Was ist aber in der Realität passiert?

So einfach, wie es sich in meinem Kopf gestaltet hat, war es natürlich nicht. Ist es nicht. Ich bedeute Karo viel, und ich gebe ihr Halt, und kann sie trösten und halten und ihr Hoffnung geben. Aber durch mich wird nicht ihr Leben rosarot. Durch mich wird nicht alles einfacher. Ich kann ihr helfen, an schwarzen Tagen auch schöne Aspekte zu sehen, und ich kann ihr helfen, eine generelle schöne Zukunft zu erhoffen, und ich kann ihr helfen, indem ich ihr zuhören kann und sie unterstütze, wann immer das geht. Aber trotzdem fühlt sich Karo wertlos, kann mit ihren Gefühlen nicht umgehen und will sich weh tun. Und ich kann nicht immer etwas tun.
Für mich ist es nicht einfach. Ich hab nicht die dankbare Rolle, immer die Freude im Leben des anderen sein zu dürfen, und immer alles besser zu machen. Ich leide auch, wenn Karo leidet, und ich leide auch noch aus anderen Gründen - wenn ich zurückstecken muss, mehr, als ich je vermutet hätte. Ich dachte, für Karo ist es natürlich schwer, aber für mich wird es eine eher dankbare Aufgabe sein, für sie da zu sein. Es ist aber eine anstrengende Aufgabe. Nicht falsch verstehen: Immer noch tue ich diese Aufgabe gern, mit Herzblut und aus völlig freier Überzeugung und endloser Liebe. Aber es ist anstrengender, aufwühlender, belastender und viel, viel trauriger und schmerzhafter, als ich es mir jemals vorgestellt habe.

Ich habe gewusst, welche Schwierigkeiten Karo erwarten werden. Ich habe aber nicht erfassen können, wie sehr mich das beeinträchtigen würde.

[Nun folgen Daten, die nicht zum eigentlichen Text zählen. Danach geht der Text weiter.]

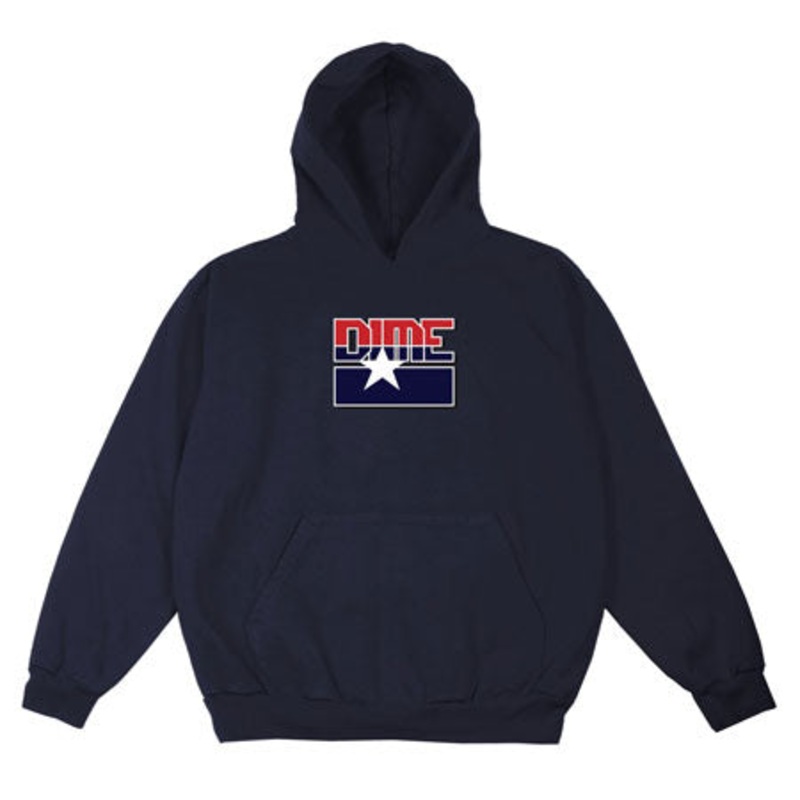 Dime All Star Hooded Sweatshirt Navy Medium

Die entscheidende Frage ist wohl: Wenn ich das alles gewusst hätte, hätte ich mich dann trotzdem für diese Beziehung entschieden?
Ja, das hätte ich. Es hätte mir wahrscheinlich mehr Angst gemacht. Aber ich hätte auch gewusst, wie viel tiefer diese Liebe wird, und wie viel reifer ich als Person werden würde. Ich hätte die Wahrheit gesehen: den Schmerz, aber auch das, was ich eben doch tun kann. Ich hätte nicht nur gewusst, wie schön es ist, Karos Tränen wegzuwischen, sondern auch, wie sehr es weh tut, diese Tränen überhaupt zu sehen. Ich hätte den Schmerz gefühlt, den ich fühle, wenn ich so viel kämpfen muss, aber auch die wirklich alles heilende Umarmung von Karo, wenn ich mit diesen Tränen in den Augen in ihren Armen liege.
Ich hätte mehr gesehen: Mehr von dem guten, und mehr von dem schlechten. Einfach mehr von der Wahrheit.

Aber ist so was nicht auch normal? Am Anfang einer Beziehung sieht man sich immer mit verblendeten Augen durch die rosarote Brille, und erst im Lauf der Zeit nimmt man sich und die Beziehung wirklich wahr. Erst da entsteht wahre Liebe, an der gearbeitet werden muss, die einen stärkt und ausmacht und lernen lässt. Die einen den anderen als Menschen lieben lässt, und nicht als die Möglichkeit einer Liebe und die tollen und süßen Eigenschaften und das Verliebtsein der Schmetterlinge im Bauch. Schmetterlinge gibt es immer noch. Aber sie berühren mehr als nur das Lächeln auf dem Gesicht. Sie berühren das ganze Wesen, das man ist.

Ich habe gewusst, worauf ich mich einlasse. Ich habe etwas erwartet. Die Wahrheit ist in Teilen gleich, in Teilen ganz schön anders.
Aber ich würde sie wieder wählen und nicht hergeben. Es ist gut so, wie es ist.